Data shown –
—————

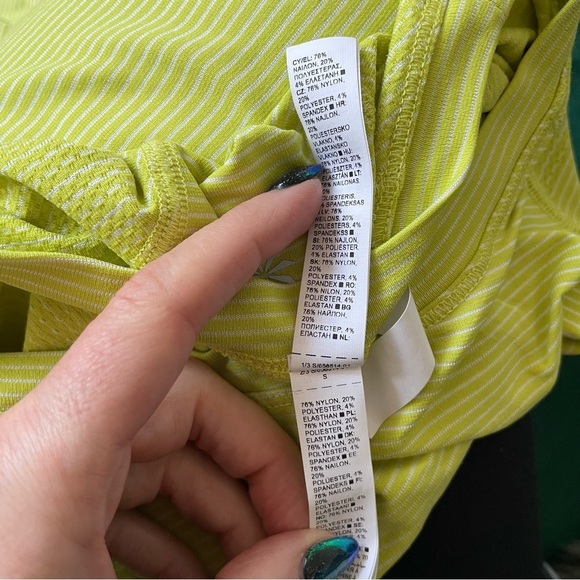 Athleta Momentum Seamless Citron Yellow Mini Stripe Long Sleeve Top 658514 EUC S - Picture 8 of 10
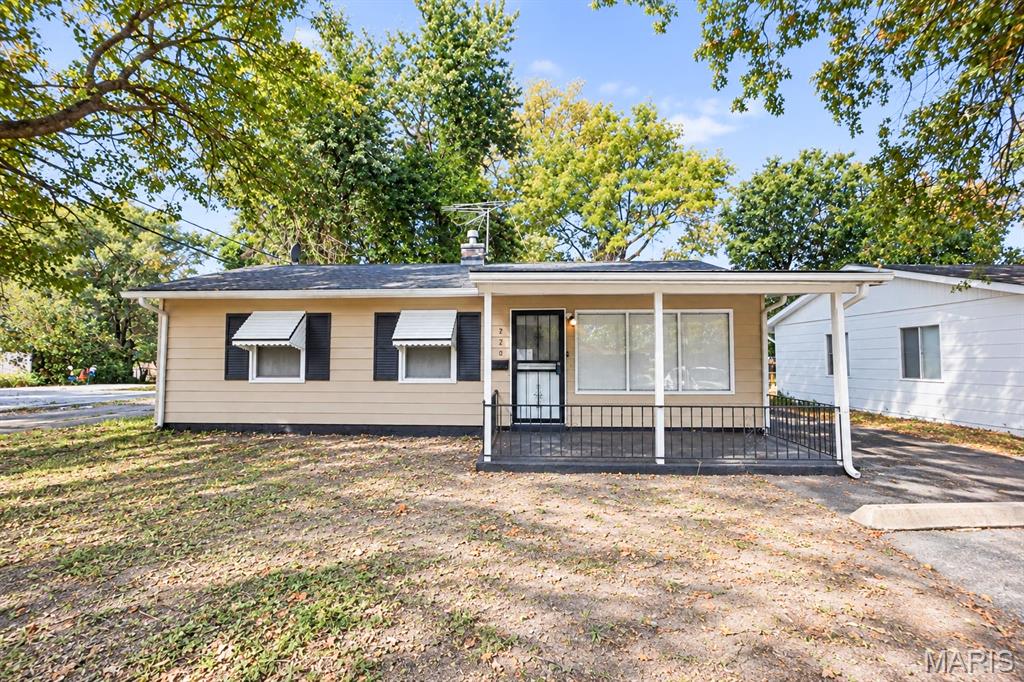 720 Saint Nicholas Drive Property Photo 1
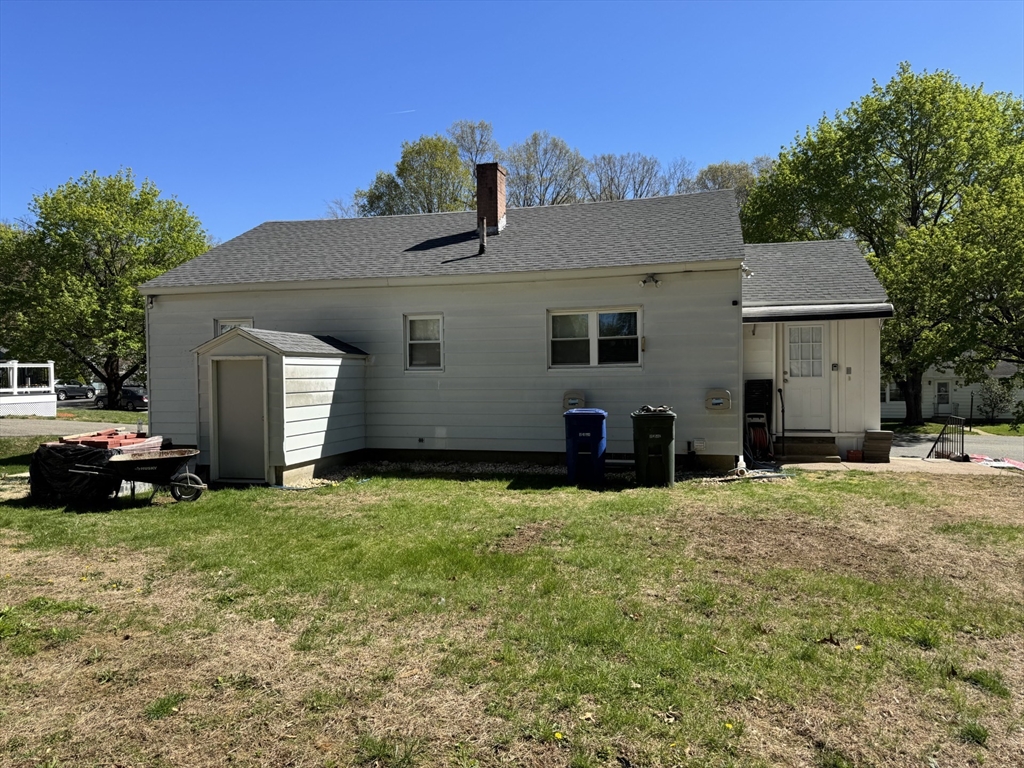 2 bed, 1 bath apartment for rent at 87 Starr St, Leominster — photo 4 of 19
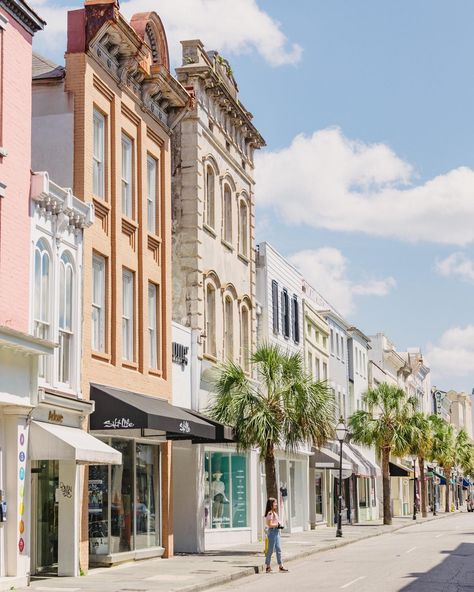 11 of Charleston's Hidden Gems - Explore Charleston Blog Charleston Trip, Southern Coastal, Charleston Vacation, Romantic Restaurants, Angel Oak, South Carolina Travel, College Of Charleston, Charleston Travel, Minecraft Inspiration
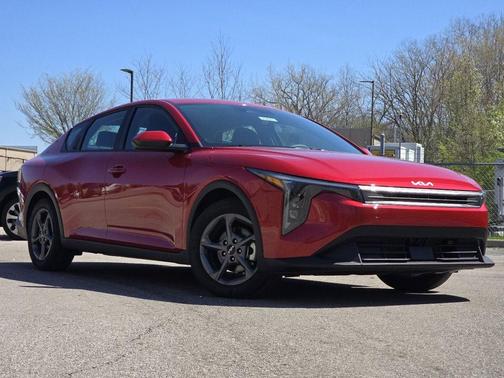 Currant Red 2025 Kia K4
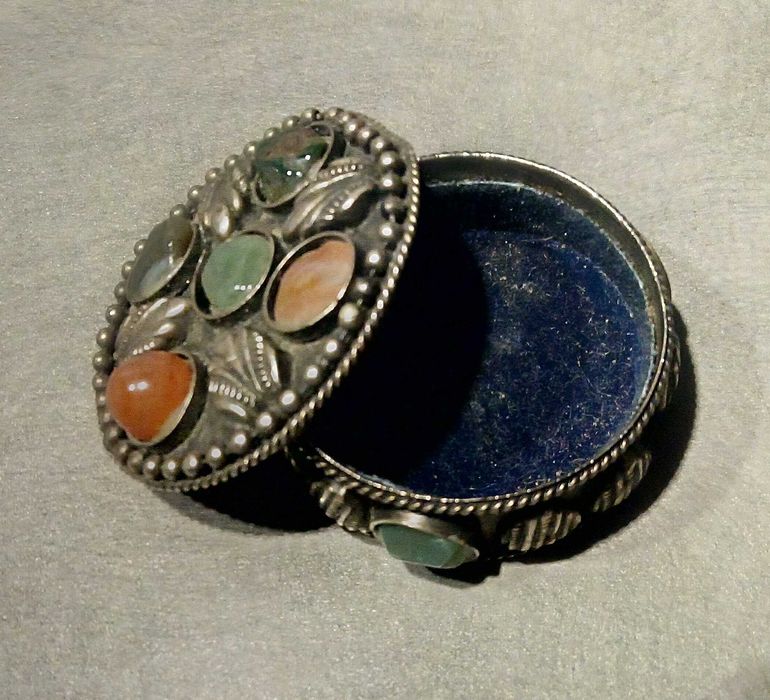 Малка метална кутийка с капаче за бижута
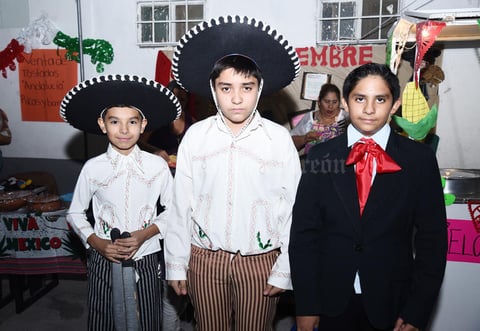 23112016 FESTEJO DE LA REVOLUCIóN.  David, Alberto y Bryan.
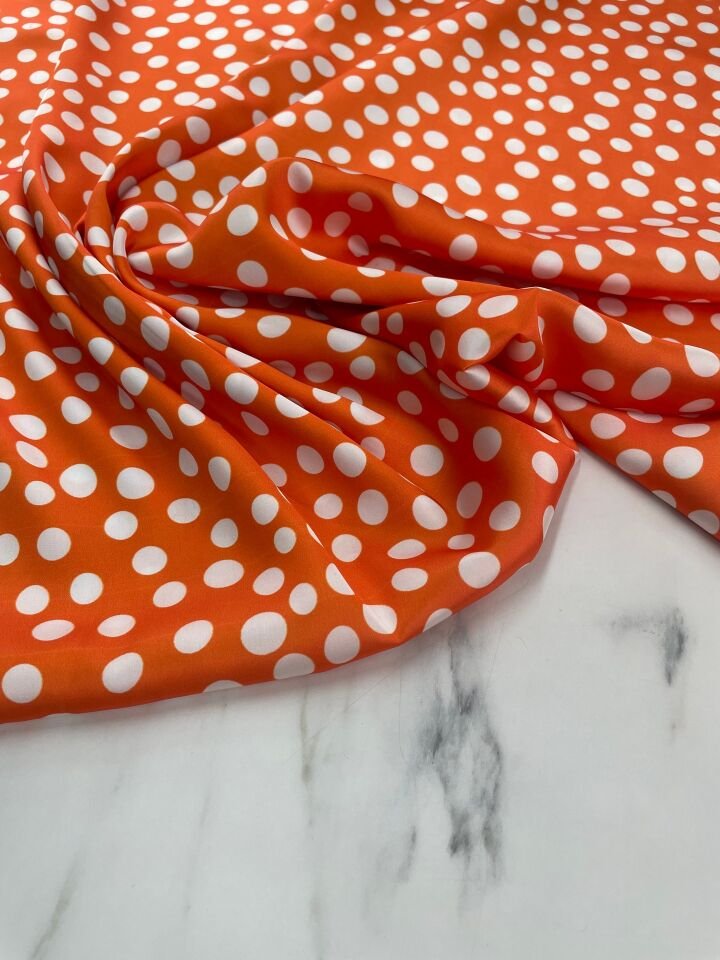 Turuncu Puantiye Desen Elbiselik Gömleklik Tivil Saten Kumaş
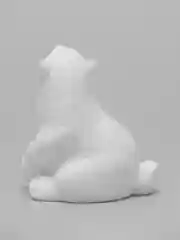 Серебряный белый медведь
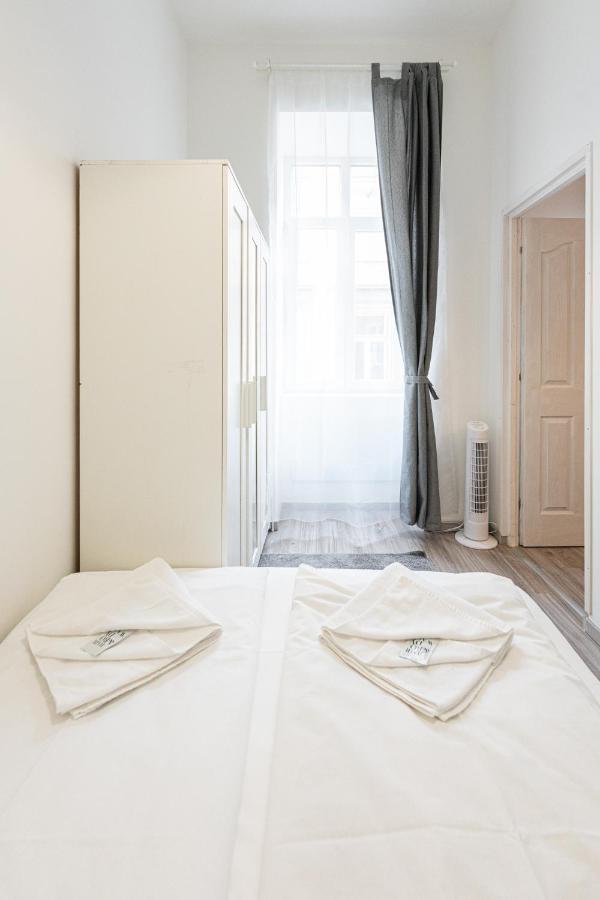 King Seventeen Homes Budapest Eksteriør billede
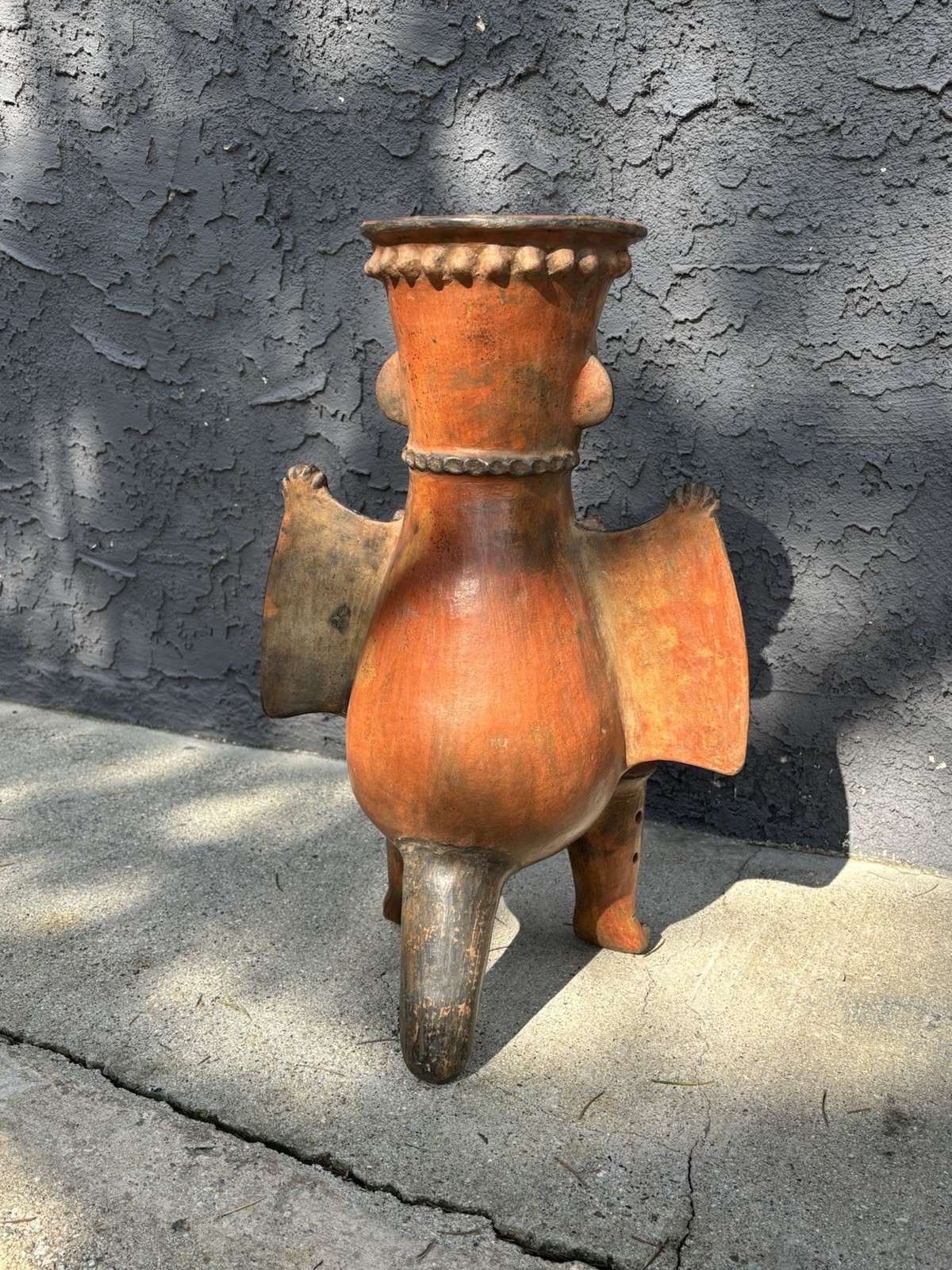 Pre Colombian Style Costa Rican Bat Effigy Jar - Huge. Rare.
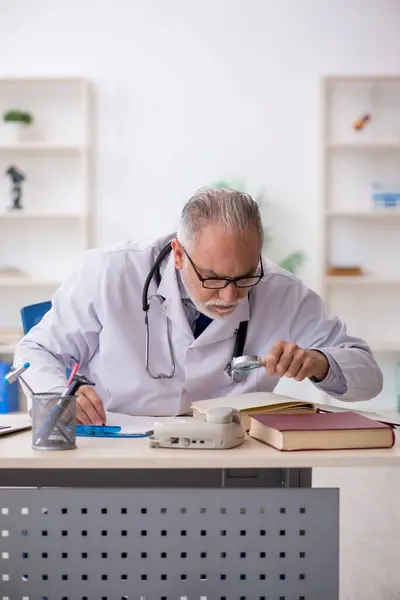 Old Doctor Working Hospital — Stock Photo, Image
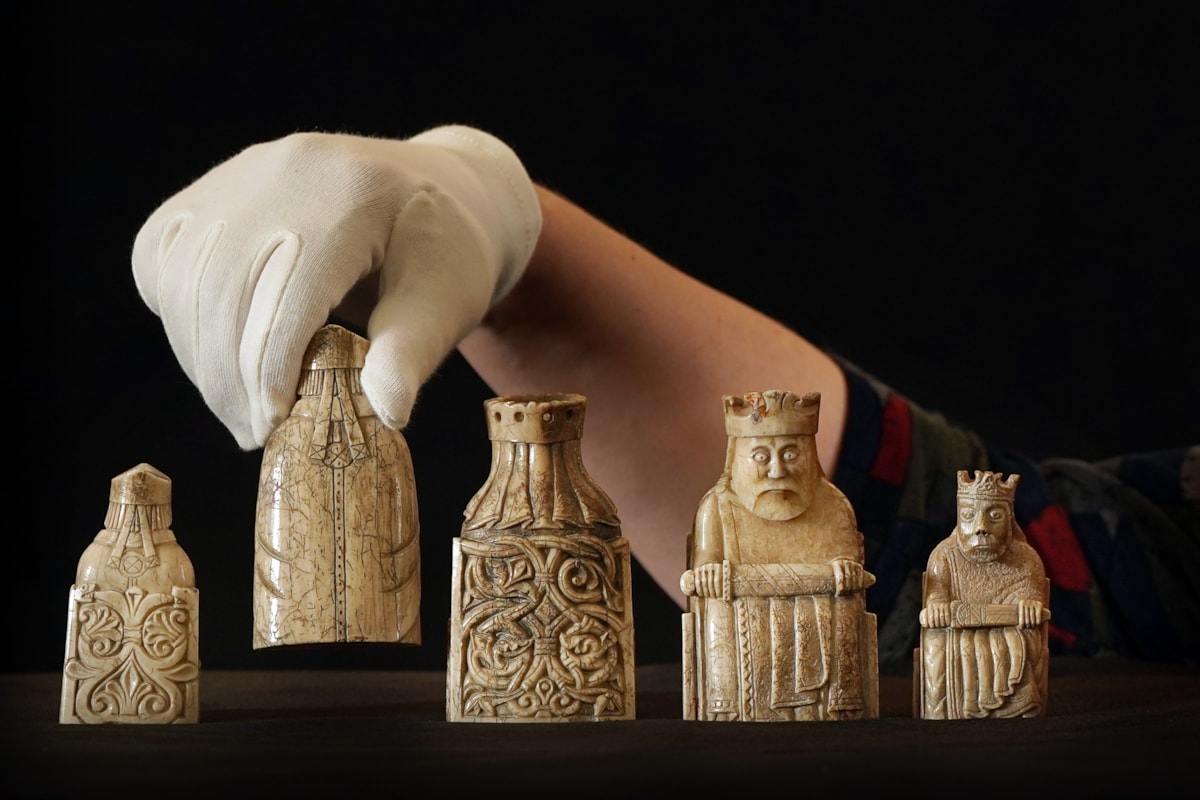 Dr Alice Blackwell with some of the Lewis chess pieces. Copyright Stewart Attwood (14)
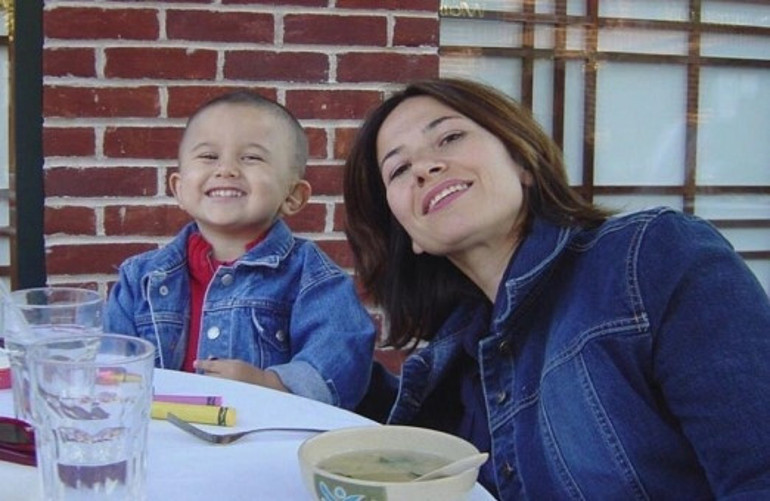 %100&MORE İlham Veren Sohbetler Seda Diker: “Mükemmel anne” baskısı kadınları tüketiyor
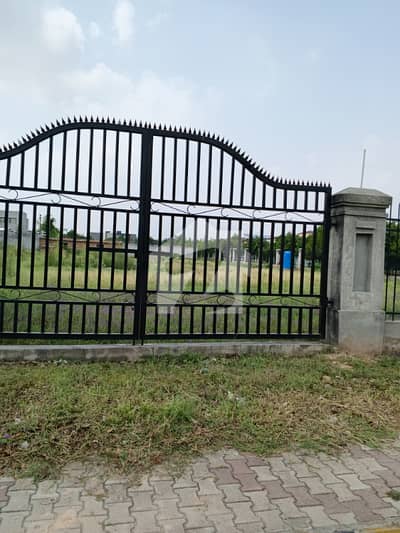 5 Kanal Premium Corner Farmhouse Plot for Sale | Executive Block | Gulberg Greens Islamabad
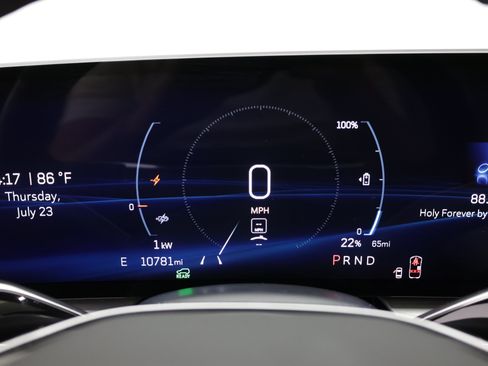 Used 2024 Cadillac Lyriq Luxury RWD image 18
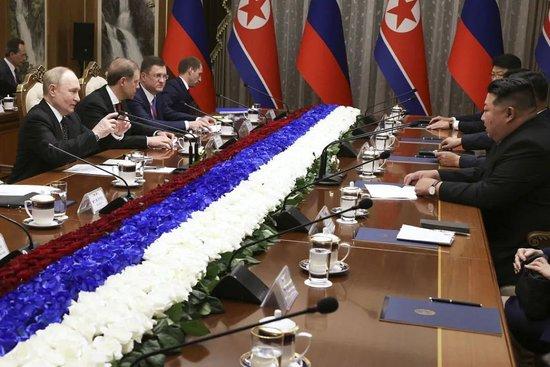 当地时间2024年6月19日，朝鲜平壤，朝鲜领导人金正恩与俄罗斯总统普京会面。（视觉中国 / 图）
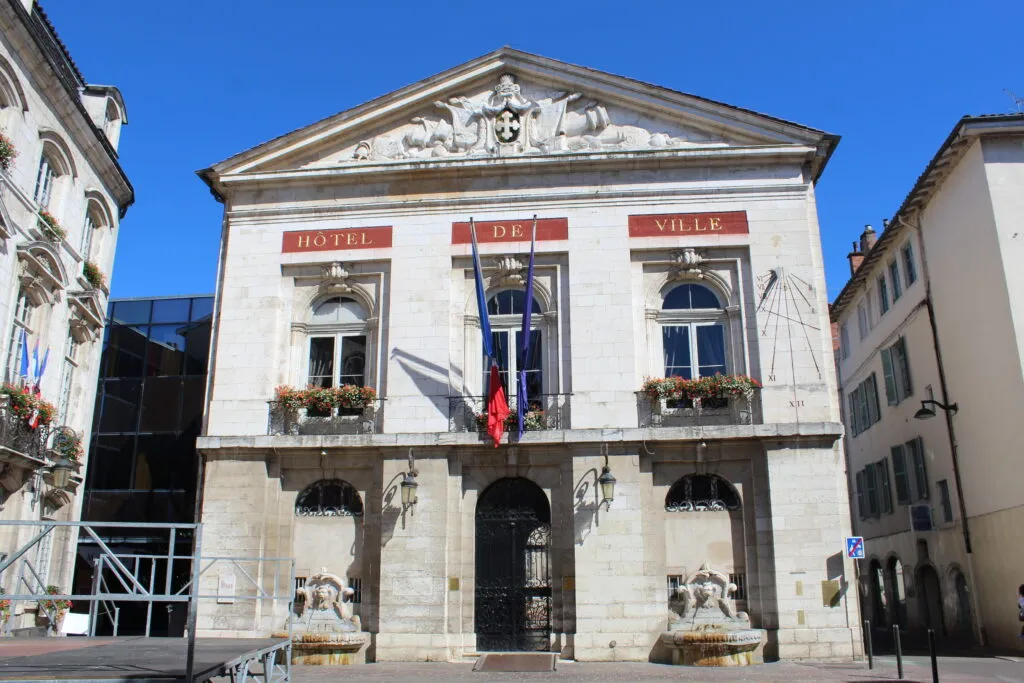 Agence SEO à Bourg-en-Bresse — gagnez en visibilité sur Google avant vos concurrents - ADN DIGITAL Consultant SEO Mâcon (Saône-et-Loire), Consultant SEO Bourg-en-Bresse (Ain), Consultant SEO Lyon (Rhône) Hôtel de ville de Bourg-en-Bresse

—————

All lines from the one that contains "Currant Red 2025 Kia K4" through the last line of the data should be retyped exactly, with the pictures left out.

 Currant Red 2025 Kia K4
 Малка метална кутийка с капаче за бижута
 23112016 FESTEJO DE LA REVOLUCIóN.  David, Alberto y Bryan.
 Turuncu Puantiye Desen Elbiselik Gömleklik Tivil Saten Kumaş
 Серебряный белый медведь
 King Seventeen Homes Budapest Eksteriør billede
 Pre Colombian Style Costa Rican Bat Effigy Jar - Huge. Rare.
 Old Doctor Working Hospital — Stock Photo, Image
 Dr Alice Blackwell with some of the Lewis chess pieces. Copyright Stewart Attwood (14)
 %100&MORE İlham Veren Sohbetler Seda Diker: “Mükemmel anne” baskısı kadınları tüketiyor
 5 Kanal Premium Corner Farmhouse Plot for Sale | Executive Block | Gulberg Greens Islamabad
 Used 2024 Cadillac Lyriq Luxury RWD image 18
 当地时间2024年6月19日，朝鲜平壤，朝鲜领导人金正恩与俄罗斯总统普京会面。（视觉中国 / 图）
 Agence SEO à Bourg-en-Bresse — gagnez en visibilité sur Google avant vos concurrents - ADN DIGITAL Consultant SEO Mâcon (Saône-et-Loire), Consultant SEO Bourg-en-Bresse (Ain), Consultant SEO Lyon (Rhône) Hôtel de ville de Bourg-en-Bresse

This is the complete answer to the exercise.